The brief for this project was concerned with the notion of threshold, and how architecture can respond to this. I was tasked with designing a Falconry centre situated on the Limb Brook, at the edge of the peak district. This stream historically represented the boundary between the Anglo-saxon kingdoms of Northumbria and Mercia. Therefore, for me it became extremely important that this historical threshold impacted my architectural moves. I decided upon designing a rare bird of prey hacking and rehabilitation centre; where injured birds or abandoned eggs could be taken and trained to be self sufficient, in order to be reintroduced to local ecosystems.

From this, the significance of crossing the historical border, and of the birds passing through each stage of their training became intrinsically linked within my project.The process of ‘Hacking’ is a method of training Birds of prey to hunt for themselves with minimal human contact, so they don’t learn to become reliant on their trainers. This required me to explore a single directionality in the visual relationship between the humans and birds. The humans had to be able to monitor the birds, without the animals knowing they were there. This idea drove the separation of the centre into two buildings; the office/ observation space, and the incubation room; with the partition wall between them becoming extremely significant in expressing the interior process. The main motivation for the linear form of the building group was in the metaphorical expression of breaking boundaries, of creating easy passage to ‘the other side’; an important concept relating to the easing of a rehabilitation process. By orientating adjacent to the Limb brook, this metaphorical approach also followed through to the physical crossing of threshold, with the architecture projecting a path across the brook towards the Hacking boxes that adolescent birds would be trained in.
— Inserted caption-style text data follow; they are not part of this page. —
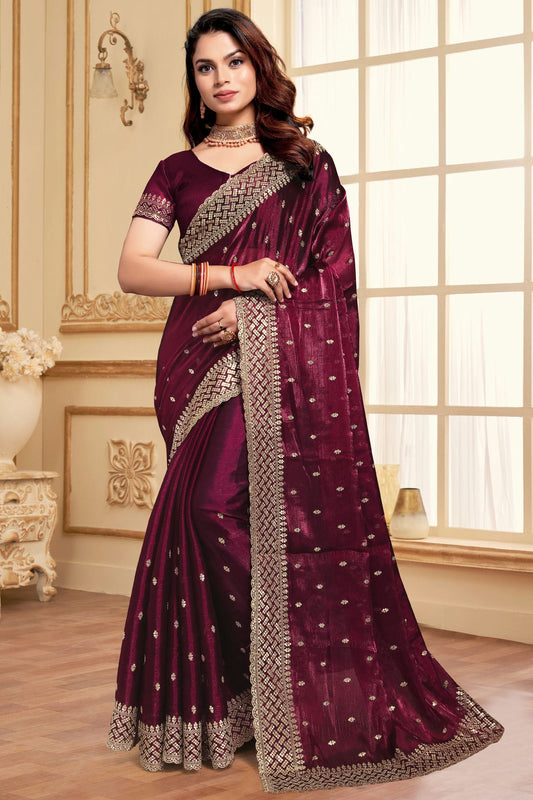 Wine Colour Burberry Silk Designer Saree
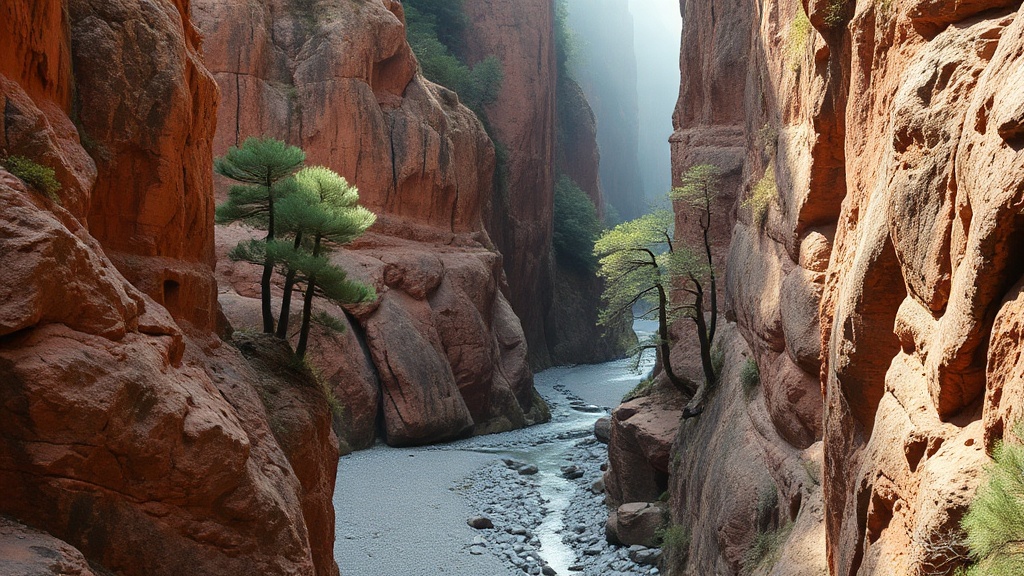 Gorge de Jinlong au pied du mont Hengshan, cadre naturel du monastère suspendu Xuankong Si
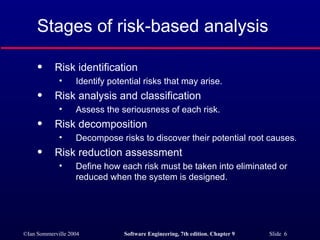 Stages of risk-based analysis Risk identification Identify potential risks that may arise. Risk analysis and classification Assess the seriousness of each risk. Risk decomposition Decompose risks to discover their potential root causes. Risk reduction assessment Define how each risk must be taken into eliminated or reduced when the system is designed. 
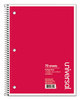 A Picture of product UNV-66610 Universal® Wirebound Notebook 1-Subject, Medium/College Rule, Black Cover, (70) 10.5 x 8 Sheets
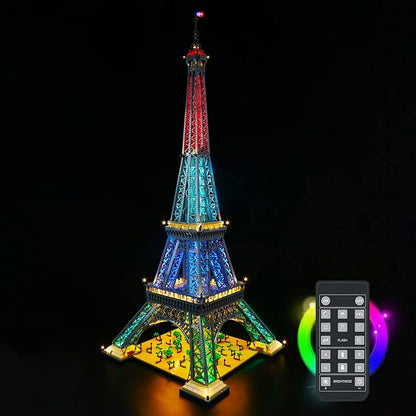 VONADO LED Light Kit Compatible with Lego Eiffel Tower Set 10307 Remote Control DIY Building Lighting Compatible with Lego Architecture 10307 (NOT Model)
P2: Community theatre   |   Theatre of the Oppressed

Located in Darnall; a small Suburb on the outskirts of Sheffield, my second project describes a small community theatre within a racially diverse community. Darnall high street is dominated by independent retailers, providing a key problem in designing any sort of leisure facility for the area; to be inclusive and collective. My solution to this problem was to focus on a strand of theatre known as the ‘Theatre of the Oppressed’, in which a single workshop leader leads discussions and actions within the audience. the ‘audience’ and ‘actors’ are not exclusive terms, Workshop leaders have no influence on the outcome of a performance; that is completely dictated by the actions of the ‘spect-actors’. 
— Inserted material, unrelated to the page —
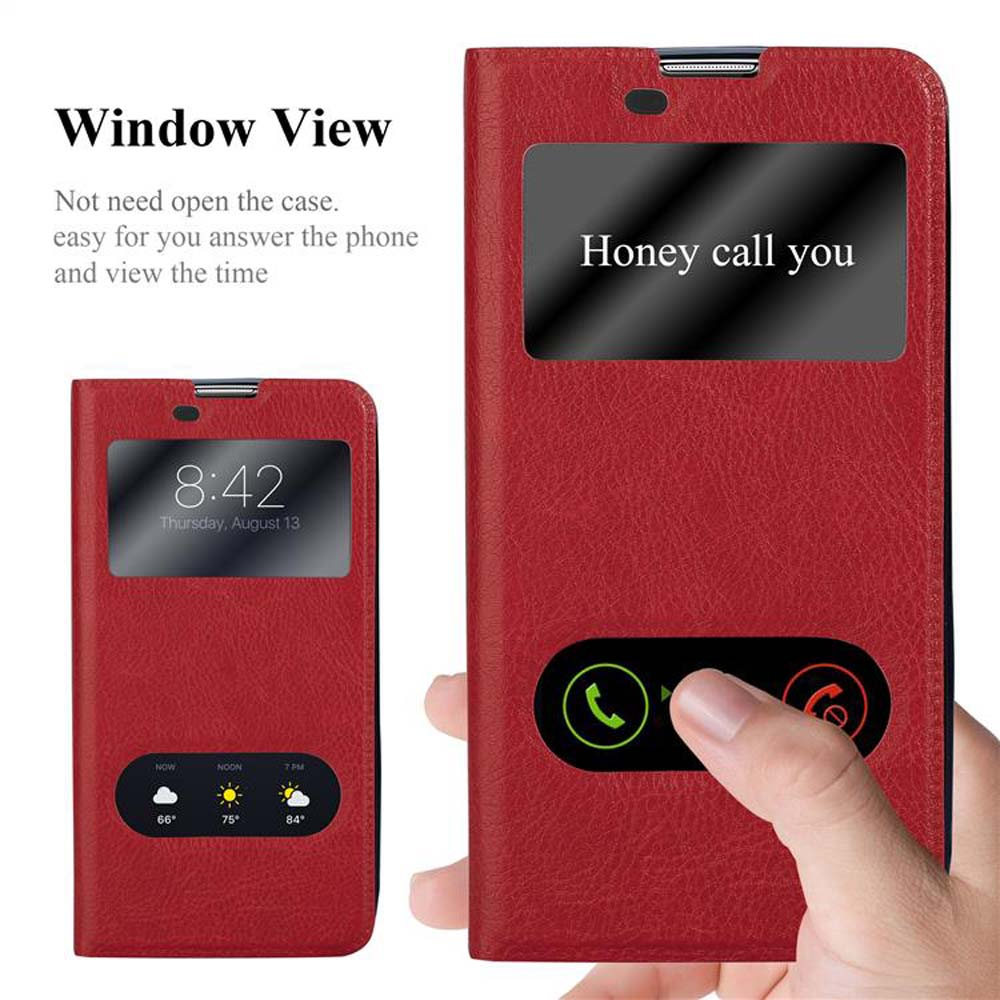 Funda de teléfono roja con ventana y pantalla que muestra la hora y una notificación de llamada.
My aspirations for this project were to translate this inclusivity to an environment for performance, seeking to move away  from the standard model of escapism that typical theatres embrace. I wanted to maintain the connection with context throughout the building, with Darnall as the backdrop for performances. For this reason, the theatre is composed of 3 workshop spaces at the rear, which connect to the street through a vast bar space. I also attempted to maintain a tactility in material that is so characteristic of the area,  but composing the building as a dramatic break from the street front, confirming its places as a social centre point for Darnall.